As we enter 2024, what’s certain is more of everything AI. However, before we forget about data and just “do” AI, whatever that means 👀, here are five trends based on my recent discussions with chief data officers around the world. This list is aimed to hopefully fuel discussion and debate.
At the forefront of our discussion is the concept of data virtualization. I will highlight some ideas that may initially seem disconnected from routine data tasks but are, in fact, integral to shaping the future of your data strategy as well as implementation, and have a subsequent impact on AI.
And finally, I conclude with the significance in these five trends, because after all, I do have a point, as in I like to think I’m not completely pointless.

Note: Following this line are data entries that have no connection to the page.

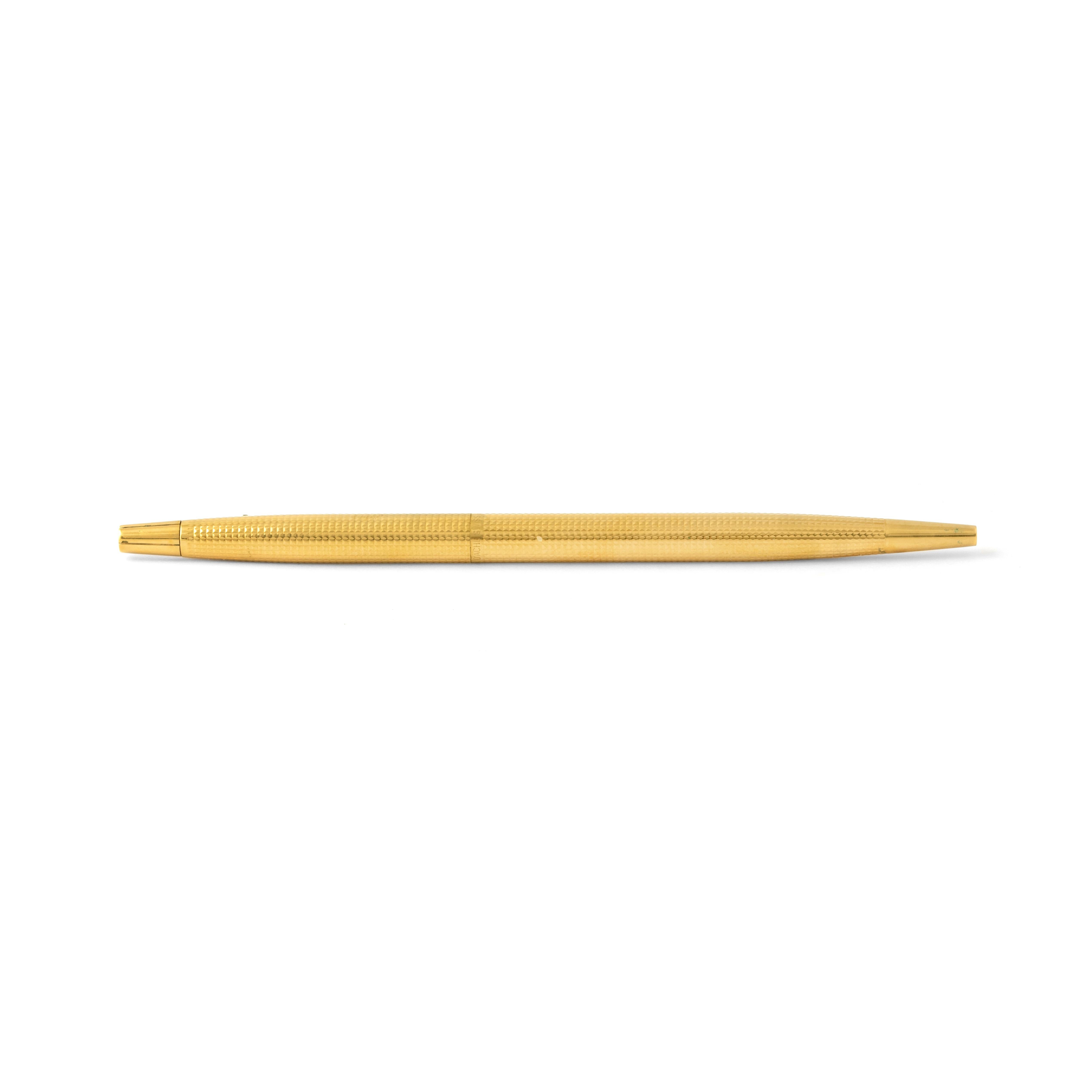 Caran d'Ache Collection Madison Gold Plated BallPoint Pen  In Fair Condition For Sale In Geneva, CH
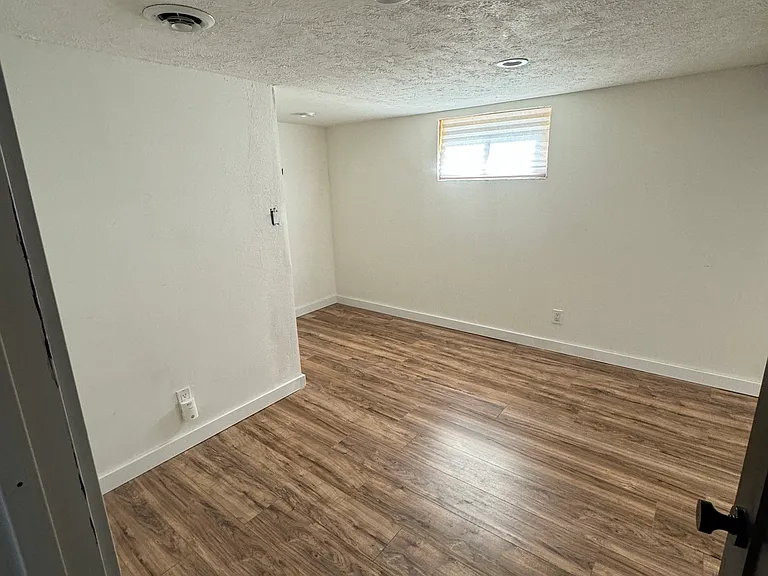 3124 W Euclid Ave — Photo 30
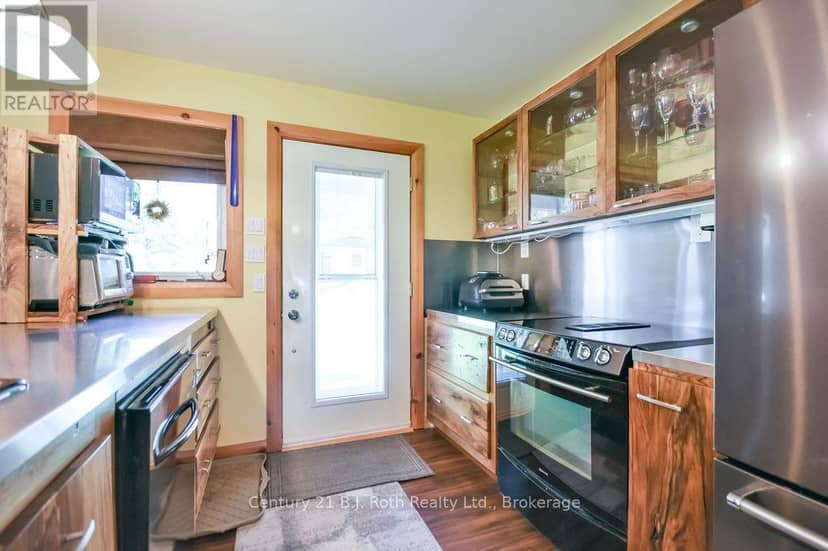 4762 Severn Street — photo 14 of 40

1. The inevitable future of data is decentralized
Traditionally, the goal has been to centralize data — to gather it from various sources and store it in a single physical location for analysis. I think this has arisen from a misunderstanding that the concept of a data warehouse requires data to be physically resident in a single location. This approach (or misunderstanding) has been the backbone of systems like Oracle, Hadoop, and more recently, cloud data warehouse solutions like Snowflake. However, as we venture deeper into the era of data driven / enabled / empowered organizations, it’s becoming increasingly clear that this centralized model is unsustainable.
The sheer volume and diversity of data, coupled with the rapid pace at which it’s created and used, make centralization a daunting, if not impossible, task. This is where the future lies in decentralization. We’re moving towards a landscape where data resides in multiple locations — analytical stores, data lakes, lake houses, cloud data warehouses, and on-premises databases and stores.
This decentralized approach is a practical necessity. Data will exist in multiple forms and locations, whether we’re ready for it or not. The challenge now is to adapt to this reality, embracing new strategies and technologies that allow us to manage, govern and analyze data across various decentralized platforms effectively.
2. You can read data across a network faster than reading from a hard drive
Traditionally, it was assumed that co-locating data with processing units was the most efficient way to handle data operations. This belief was grounded in the idea that transferring data across networks was slower than accessing it from a local hard drive, particularly with the limitations of earlier network infrastructures.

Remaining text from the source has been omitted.